Dan Savage, 58 anos, diz que esta é uma de suas maiores conclusões depois de 30 anos escrevendo sobre relacionamentos, amor e sexo nos Estados Unidos, onde se tornou um dos autores mais lidos e respeitados sobre esses assuntos.
Ele não é sexólogo, nem psicólogo, mas desde 1991 escreve a coluna Savage Love — que, embora tenha começado na cidade americana de Seattle, atualmente é publicada semanalmente em uma dezena de publicações na América do Norte, Europa e Ásia.
Ele também publicou seis livros e comanda o bem-sucedido podcast Savage Lovecast, onde responde a todo tipo de pergunta de seu público — oferecendo conselhos a partir de sua experiência como um homem gay que acredita em relacionamentos abertos.
As pessoas, sem se intimidar, contam a ele sobre suas experiências dentro de suas casas: desde casamentos em que uma das partes decide ter uma experiência bissexual a mães preocupadas com a vida sexual dos filhos e leitores com gostos sexuais que fogem da norma.
Ele, com enorme confiança — que também demonstrou nesta entrevista à BBC News Mundo (serviço em espanhol da BBC) —, tem uma resposta para todos.
Por isso, conversamos com ele, que conta não só o que aprendeu nessas três décadas de trabalho, mas também fala sobre infidelidade, relacionamentos abertos e como a “cultura gay” mudou as formas de se relacionar para todos.
BBC – É possível resumir o que você aprendeu nesses 30 anos escrevendo sobre relacionamentos, amor e sexo?
Dan Savage – Das milhões de coisas que aprendi, uma foi entender que é difícil fazer os relacionamentos funcionarem. Todos os relacionamentos que sobrevivem a longo prazo implicam que cada parte se acomode à outra. Eles exigem o comprometimento de todos os envolvidos.
Sei também que os relacionamentos são desordenadas, que ninguém é igual ao outro. O que pode ser um obstáculo para uma pessoa, não necessariamente é para a outra, mesmo que estejam no mesmo relacionamento.
É impossível que os relacionamentos não sejam complicados, mas eles são gratificantes.

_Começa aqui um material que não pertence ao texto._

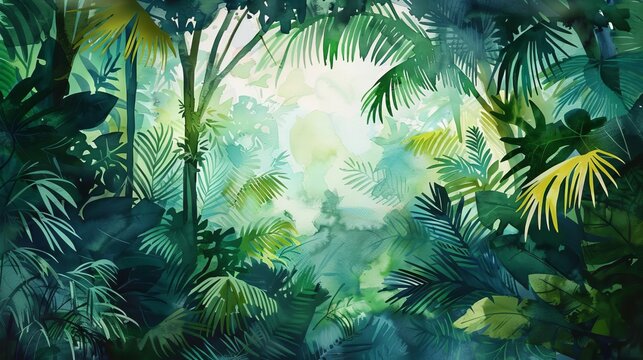 discovering natures hidden treasures in a lush forest watercolor illustration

E o mais difícil de aprender, sabe o que foi? Que você tem que estar disposto a pagar um preço para estar com outra pessoa. Existem certos preços que acho que ninguém deveria pagar — por exemplo, ninguém deve tolerar abuso, violência física ou emocional. Mas você sempre paga um preço para estar em um relacionamento. Há algo de que você tem que abrir mão.
Você tem que olhar para o seu parceiro e decidir se tudo o que essa pessoa traz para a mesa, tudo o que ela traz para o quarto, é suficiente para compensar as coisas de que você está abrindo mão.

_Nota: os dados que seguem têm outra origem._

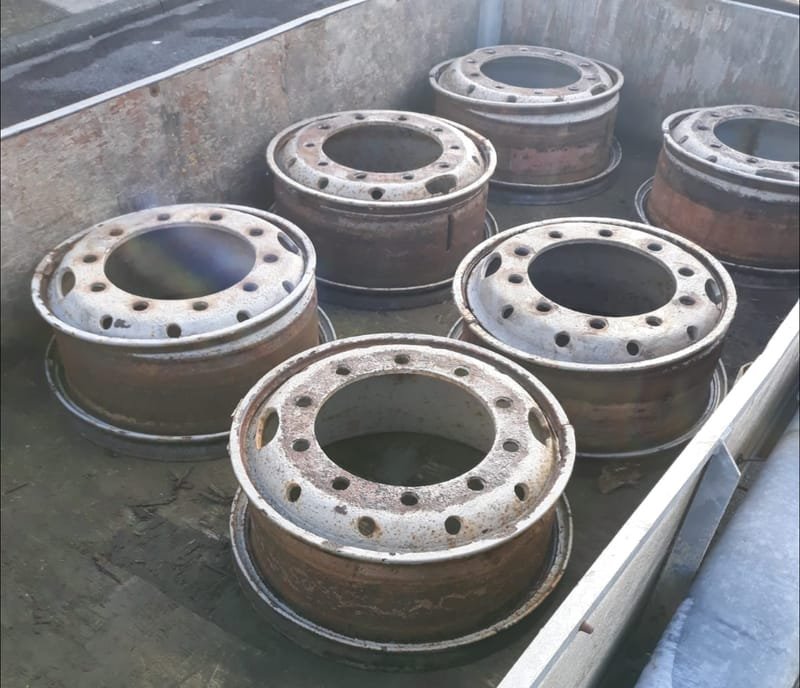 Rims (wheels) sent for sandblasting - 20 January 2022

BBC – Você diz que é preciso encontrar um terreno comum para então se construir algo juntos…
Savage – Você tem que chegar a um terreno comum. Você tem que entender o que você quer versus o que você precisa.
Não é se acomodar por se acomodar, porque não existe a pessoa perfeita para você. Isso é algo em que tenho insistido por 30 anos. Todos nos dizem, quando crescemos, que existe alguém para todos, que existe a pessoa certa. E que também é seu trabalho, quando começa a namorar e a navegar em aplicativos de paquera, encontrar a pessoa certa. Mas não existe uma pessoa perfeita escondida no mundo para você.

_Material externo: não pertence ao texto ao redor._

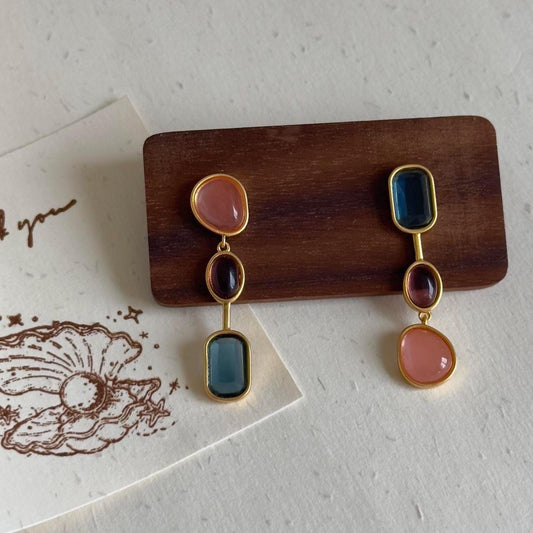 Colorful Stone Dangle Earrings, Asymmetrical Gemstone Earrings, Lightweight Geometric Statement, Colorful Gemstone Earrings, Gift for Her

Você encontrará pessoas que são 0,7 e 0,8 e terá que arredondar para 1. Isso exigirá muito esforço. Eles também vão te arredondar, porque você também não é a pessoa perfeita para ninguém.
BBC – O que você está dizendo me lembra algo que já ouvi você dizer antes: todos os relacionamentos são um mito.
Savage – Um relacionamento é uma história que duas pessoas contam uma para a outra, é uma história que duas pessoas contam a todos ao seu redor sobre quem são uma para a outra. Revisamos essa história ao longo dos anos e ela muda, evolui. Você apresenta ao mundo uma espécie de versão idealizada de si mesmo como casal.
Se o relacionamento for saudável, ambos estão à altura dessa versão. Se ele for tóxico, os parceiros se ressentem de não serem o casal que dizem ser ao se apresentar ao mundo.
Meu marido faz uma projeção de mim que é melhor do que realmente sou. E eu faço o mesmo com ele. Então, há um esforço não tanto para sermos quem somos, mas para nos acomodarmos às histórias que contamos sobre nós mesmos.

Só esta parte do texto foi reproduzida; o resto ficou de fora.